History

Dutch Republic
- Name: Meermin
- Builder: Admiralty Zeeland, Flushing
- Launched: 1784
- Fate: Seized 4 March 1796

Great Britain
- Name: HMS Miermen
- Acquired: By seizure on 4 March 1796
- Fate: Sold 31 August 1801

General characteristics
- Tons burthen: 203 (bm)
- Length: 83 Amsterdam feet
- Beam: 28 Amsterdam feet
- Depth of hold: 11+6⁄11 Amsterdam feet
- Propulsion: Sails
- Sail plan: Brig
- Complement: 86
- Armament: Dutch service:16-18 guns; British service:16 × 6-pounder guns;

= Dutch brig Meermin =

The Dutch naval brig Meermin was built at Flushing; the Zeeland Admiralty purchased her in 1784. The British Royal Navy seized her in 1796. The Royal Navy named her HMS Miermen and registered but never commissioned her; it sold her in 1801.
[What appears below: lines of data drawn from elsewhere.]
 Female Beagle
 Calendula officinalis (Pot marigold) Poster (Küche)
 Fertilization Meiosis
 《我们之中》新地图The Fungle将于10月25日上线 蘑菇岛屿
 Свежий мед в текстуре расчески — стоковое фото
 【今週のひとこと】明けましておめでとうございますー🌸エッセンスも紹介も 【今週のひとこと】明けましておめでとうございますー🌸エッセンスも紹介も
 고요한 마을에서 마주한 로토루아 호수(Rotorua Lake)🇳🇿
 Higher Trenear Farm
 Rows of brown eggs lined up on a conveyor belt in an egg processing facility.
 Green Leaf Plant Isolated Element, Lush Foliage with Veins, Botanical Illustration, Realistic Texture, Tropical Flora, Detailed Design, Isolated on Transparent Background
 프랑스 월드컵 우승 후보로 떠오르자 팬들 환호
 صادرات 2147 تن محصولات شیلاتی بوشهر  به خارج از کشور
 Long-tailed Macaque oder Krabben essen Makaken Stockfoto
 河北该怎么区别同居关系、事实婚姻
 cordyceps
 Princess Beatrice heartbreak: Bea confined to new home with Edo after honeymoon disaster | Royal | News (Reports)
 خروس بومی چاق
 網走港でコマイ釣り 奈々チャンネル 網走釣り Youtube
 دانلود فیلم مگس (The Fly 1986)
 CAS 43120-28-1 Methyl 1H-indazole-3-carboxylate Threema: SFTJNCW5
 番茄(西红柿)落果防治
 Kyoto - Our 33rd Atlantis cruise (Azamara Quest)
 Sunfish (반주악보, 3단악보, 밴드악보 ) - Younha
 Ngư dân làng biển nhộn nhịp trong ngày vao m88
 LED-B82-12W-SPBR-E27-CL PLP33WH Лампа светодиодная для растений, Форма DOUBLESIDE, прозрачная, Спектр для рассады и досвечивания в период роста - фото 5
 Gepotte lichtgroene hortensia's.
On 9 March 1793, Meerman, of Zeeland, Captain Cornelis Schalk, captured Frende Suskene, John Thomsen, master, off Walcheren. Frende Suskene, of and from Christiansand, was on her way to Ostend or Calais with deals, balks, and users. Lieutenant S. Oudekesk Pool brought her into Dover the next day.

In 1795, at the time of the Batavian Revolution the British Admiralty sent a messenger to Plymouth on 20 January 1795, to the admiral there to detain all Dutch vessels in port. There were six naval vessels, Meerman among them. (Initial British press reports referred to her as Steerman.) There were also six homeward-bound East Indiamen, three outward-bound East Indiamen, and some 60 to 70 other merchant vessels. Vice Admiral Sir Richard Onslow and the British Royal Navy took possession 4 March 1796. The crews were removed from their vessels and taken to prison ships. In September orders arrived at Plymouth that the Dutch naval vessels be equipped for immediate service.

The Navy named and registered Miermen on 25 October 1796, but never commissioned her. The "Principal officers and commissioners of His Majesty's Navy" offered Miermen for sale on 31 August 1801. She sold on that day for £160.